Les dessous de l’économie de la Sape en RDC

Dada Weston dans un ensemble en cuir vieilli signé Jean Paul Gaultier.
Dada Weston dans un ensemble en cuir vieilli signé Jean Paul Gaultier.
RFI/Habibou Bangré
Par Habibou Bangré

Souvent démunis, les sapeurs de Kinshasa multiplient les stratégies pour posséder les plus grandes griffes. Beaucoup font appel à la générosité de leurs proches à l’étranger, mais d’autres s’y refusent et traquent les bonnes affaires jusque sur internet.

« Mon père aimait tellement la Sape… Je me souviens encore comment il se chamaillait avec ma mère parce que dès qu’il avait son salaire, il allait en acheter. Dans la rue, on l’avait même surnommé Weston parce qu’il aimait trop les chaussures de cette marque », raconte Darling « Dada Weston » Mbaki, un cambiste de 29 ans installé à Kinshasa, capitale de la République démocratique du Congo (RDC).

Hier comme aujourd’hui, les fidèles de la Société des ambianceurs et des personnes élégantes (Sape) vénèrent toujours les grands créateurs, dont les vêtements, chaussures et accessoires peuvent coûter plusieurs centaines ou milliers d’euros. Une fortune pour les deux tiers des 68 millions de Congolais qui vivent avec 1,25 dollar par jour dans l’ex-colonie belge, où le salaire minimum a été revalorisé à 90 dollars.

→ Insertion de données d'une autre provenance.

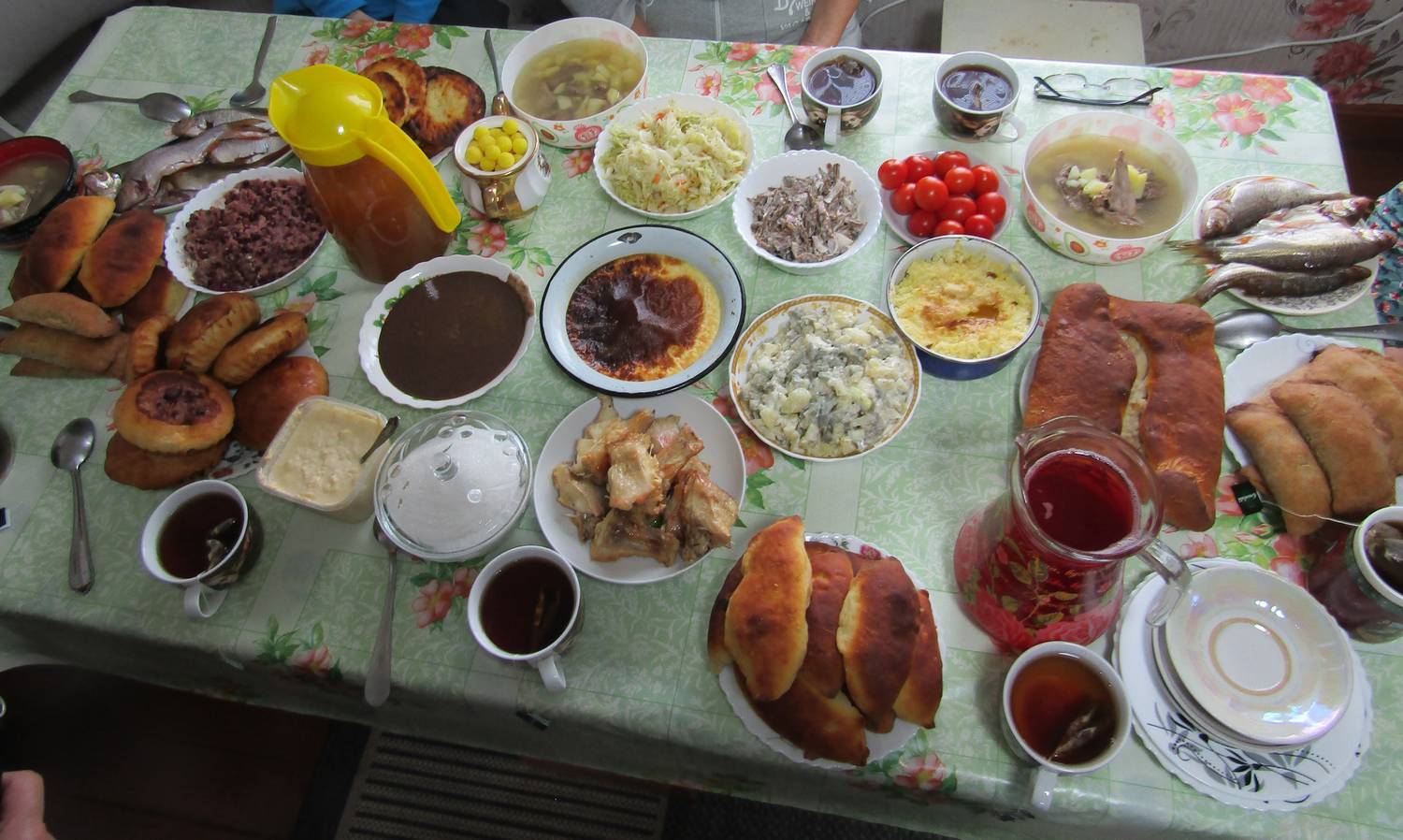 Сотрудники сектора этнографии ИЯЛИ побывали в гастрономической экспедиции в Усть-Куломском районе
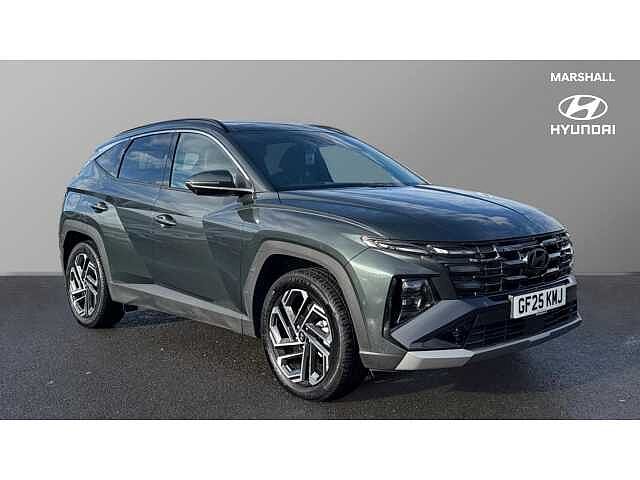 Hyundai TUCSON 1.6T Plug-in Hybrid Ultimate 5dr Auto Cyprs Green Prl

« Un vêtement n'a pas de prix ! »

Une fortune ? « Un vêtement n’a pas de prix ! », rétorque John Sambi, 27 ans, autoproclamé « Roi de la Sape ». Les sapeurs – qui seraient quelques milliers à Kinshasa, ville de 10 millions d’habitants – ne sont pourtant pas mieux lotis. Junior Kipulu – alias « Maison Rei », une référence à la créatrice japonaise de Comme des Garçons, Rei Kawakubo – reçoit pour l’heure des créations offertes par des proches en Europe.

« La vie est difficile, justifie le céramiste de 28 ans qui, les mois fastes, gagne 350 dollars. J’ai un enfant qui va à l’école et je ne veux pas dépenser le coût des frais de scolarité pour de la Sape ». Pour Mobonda Elabe, connu dans le milieu sous le nom de « Chancelier », c’est une aberration. « Un sapeur qui fait la mendicité des habits n’est pas un vrai sapeur », tonne avec dédain ce cambiste de 37 ans.

Lui est marié et père de trois enfants. « Je gagne environ 800 dollars et, tous les mois, j’en garde 300 pour la sape ». Résultat : des malles et des valises qui débordent de vêtements Marithé et François Girbaud, Cerruti, Jean Paul Gaultier, Yohji Yamamoto, Issey Miyake, Dior, qu’il repère sur internet. Il transfère ensuite la somme nécessaire à ses sœurs en France et en Angleterre.

Des boots en poil de lion John Galliano

Dada Weston se ravitaille aussi grâce au web. « Je négocie les meilleurs tarifs par email avec des Congolais de la diaspora à Paris et, quand ils viennent au pays, j’achète avec les petits 10 ou 20 dollars que j’avais mis de côté ». Il a ainsi acquis, entre autres, des boots en poil de lion de John Galliano et, sans surprise, une paire de Weston : « En Europe, elle coûte 1 100 euros mais je l’ai ai achetées à 220 dollars ».

Acheter des créations d’occasion provenant de l’étranger : une pratique tolérée par les puristes de la Sape. Mais être surpris à fouiner dans les friperies kinoises, c’est prendre le risque d’être déconsidéré, voire méprisé. Reste qu’en secret – faute de moyens – certains s’habillent dans des friperies et que, du coup, « jamais ils ne le diront », affirme Deogracias Kihalu, un photographe qui suit souvent les sapeurs.

Plus c’est cher, mieux c’est ? De plus en plus, on vante dans les shows de Sape les marques de prêt-à-porter H&M ou Zara. « Toute griffe est considérable, tout ce qui est étiquette a de la valeur pour la Sape », justifie Maison Rei. Chancelier acquiesce. « Zara coud très bien. La Sape, ce n’est pas forcément acheter le plus cher, il faut avoir le coup d’œil ».